Auch der 9-Euro-Fonds hat nicht nur die Verkehrswende, sondern auch die soziale Dimension im Blick. Er sieht sich, so Pressesprecher Leo Maurer, als Teil einer europaweiten Solidaritätsbewegung mit denen, die von den explodierenden Preisen für den täglichen Bedarf betroffen sind – nach dem Vorbild der britischen Kampagne »Enough is Enough«. Am liebsten wäre den Initiator:innen ein kostenloser Nahverkehr – und sie fordern eine erhebliche Aufstockung des Personals und den Ausbau der Infrastruktur.
Wer ist dabei?
Nicht nur in den sozialen Medien war der 9-Euro-Fonds von Anfang an ein Erfolg. Schon Ende August hatte er 160000 Follower auf Twitter. Aktuell beteiligen sich – als Nutzer:innen und Spender:innen – 6000 Personen, bereits Anfang September war auf dem Konto schon ein fünfstelliger Betrag. Bis Redaktionsschluss hat der Fonds einhundert erhöhte Beförderungsentgelte von jeweils 60 Euro erstattet.

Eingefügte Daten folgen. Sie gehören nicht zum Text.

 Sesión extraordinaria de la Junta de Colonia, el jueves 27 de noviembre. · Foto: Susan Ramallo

In Deutschland wird der 9-Euro-Fonds von zahlreichen sozialen und ökologischen Initiativen unterstützt: Sand im Getriebe, Wald statt Asphalt, den Aktionskünstler:innen des »peng«-Kollektivs, der Umverteilungskampagne »Wer hat, der gibt«, vom Verein Sanktionsfrei, der Hartz-IV-Empfänger:innen unterstützt, und vom Freiheitsfonds, der Menschen mit Ersatzfreiheitsstrafen, etwa wegen Fahren ohne Fahrschein, aus den Gefängnissen freikauft. Auch die Aktivist:innen der »Letzten Generation« kündigten an, ab September aus Protest gegen die Abschaffung des 9-Euro-Tickets künftig ohne Fahrkarte den Nahverkehr nutzen zu wollen.

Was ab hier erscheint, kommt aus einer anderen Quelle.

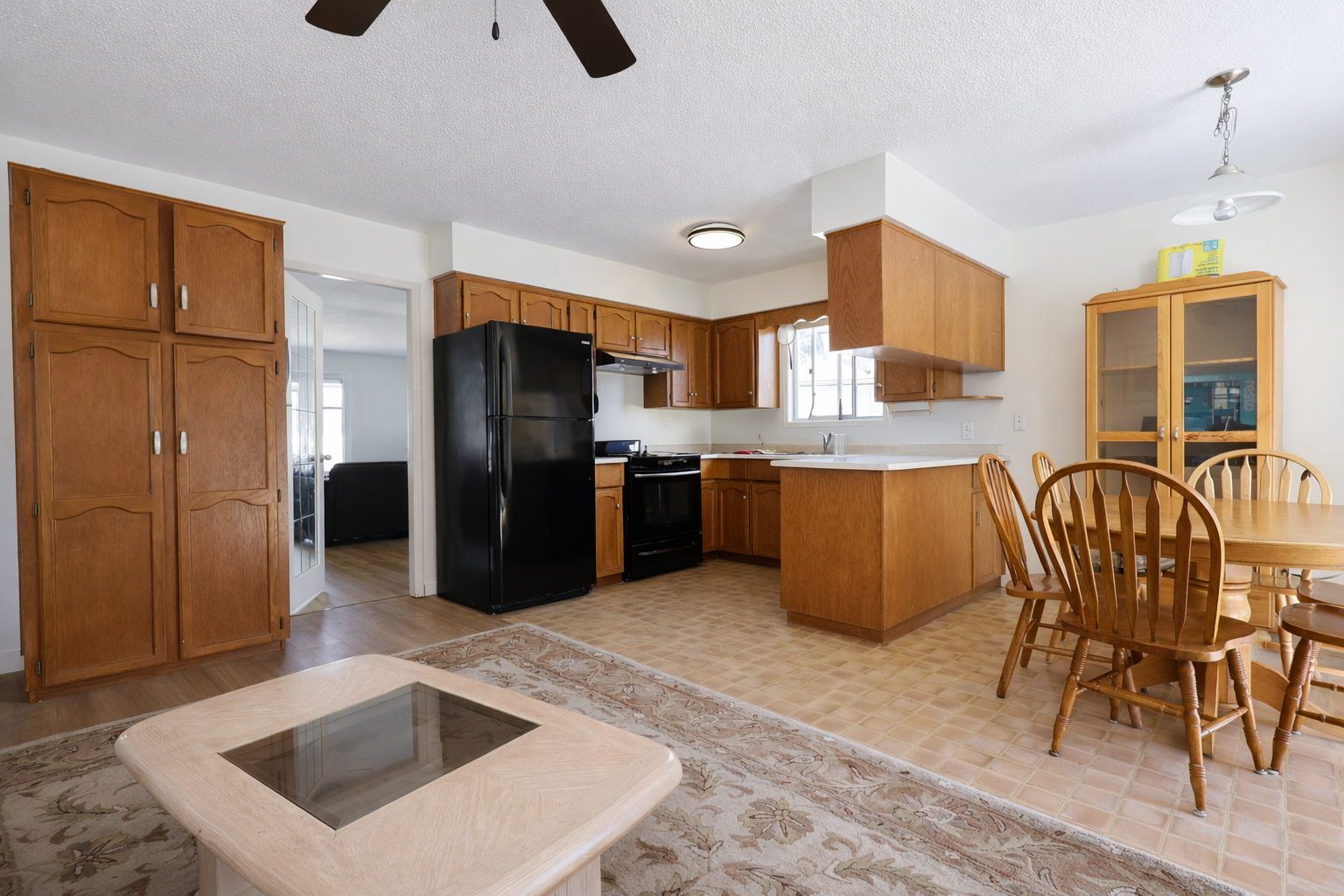 Single Family for rent at 32654 Nootka Close, Upper in Abbotsford, BC photo 6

Legal ist das Fahren ohne Ticket nicht, in Deutschland gilt das »Erschleichen öffentlicher Leistungen« nach §265a StGB als Straftat, die auch zur Anzeige gebracht werden kann. Wer wiederholt erwischt wird und die Strafe nicht bezahlt, dem kann sogar eine Haftstrafe drohen – mit dramatischen Auswirkungen.

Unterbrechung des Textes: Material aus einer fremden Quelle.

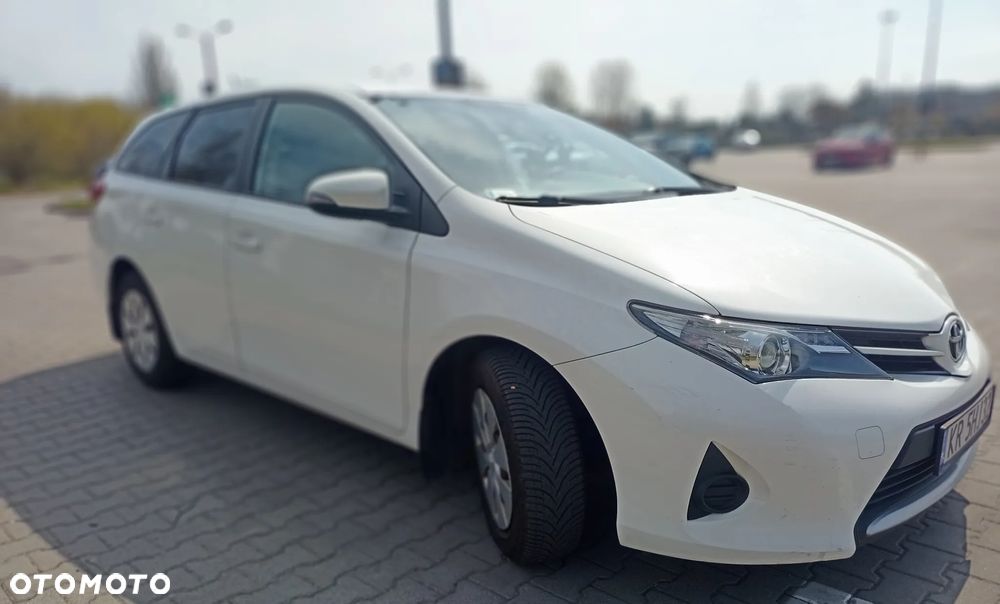 Toyota Auris 1.6 Active - 2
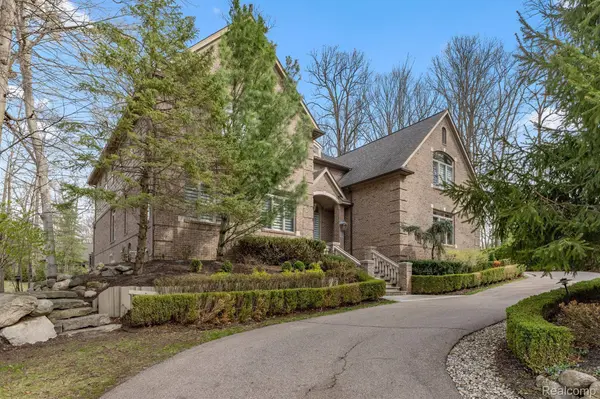 21480 LUJON CT, Northville, MI 48167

Das Juristenportal LTO zitiert den Gründer des Freiheitsfonds, Arne Semsrott: »Wir hatten einen Fall von einem Mann in Bayern, der zu insgesamt neun Monaten Haft verurteilt wurde, weil er zehn- oder elfmal ohne Ticket gefahren ist. Da ist ein Schaden in Höhe von 140 Euro entstanden, der letztlich dazu geführt hat, dass der Mann zu 270 Tagen Haft verurteilt wurde. Aus dem Urteil, das wir dann gesehen haben, ging hervor, dass er so oft ohne Ticket gefahren ist, weil er zur Dialyse musste. Der war ganz einfach krank.«
Der Button
Der Fonds empfiehlt seinen Nutzerinnen, sichtbar einen Anstecker mit der Aufschrift »Ich fahre ohne Fahrschein« zu tragen, der auf der Homepage als Vorlage angeboten wird und das Fahren ohne Ticket als Aktion des zivilen Ungehorsams kennzeichnet. Dies kann – das hat in einigen Gerichtsverfahren schon funktioniert – den Vorwurf der Leistungserschleichung entkräften. Auch solidarische Fahrgäste sollten ihn tragen, die einen gültigen Fahrschein haben – um die Arbeit der Kontrolleure zu erschweren.
Nicht an der Aktion des 9-Euro-Fonds sollten sich diejenigen beteiligen, die auf »Bewährung« sind – sei es wegen eines strafrechtlichen Urteils oder wegen einer begrenzten Aufenthaltserlaubnis. Davon rät die Initiative ab. Bisher, so Pressesprecher Leo Maurer gegenüber der SoZ, sei jedenfalls noch keine strafrechtliche Verfolgung im Zusammenhang mit der Aktion des Fonds aufgetreten.
Eigentlich soll der Fonds nur so lange Bestand haben, bis sich die Politik auf eine Nachfolge für das 9-Euro-Ticket geeinigt hat. Sollte das neue Ticket allerdings 29 Euro oder mehr kosten, wollen die Initiator:innen des Fonds weitermachen.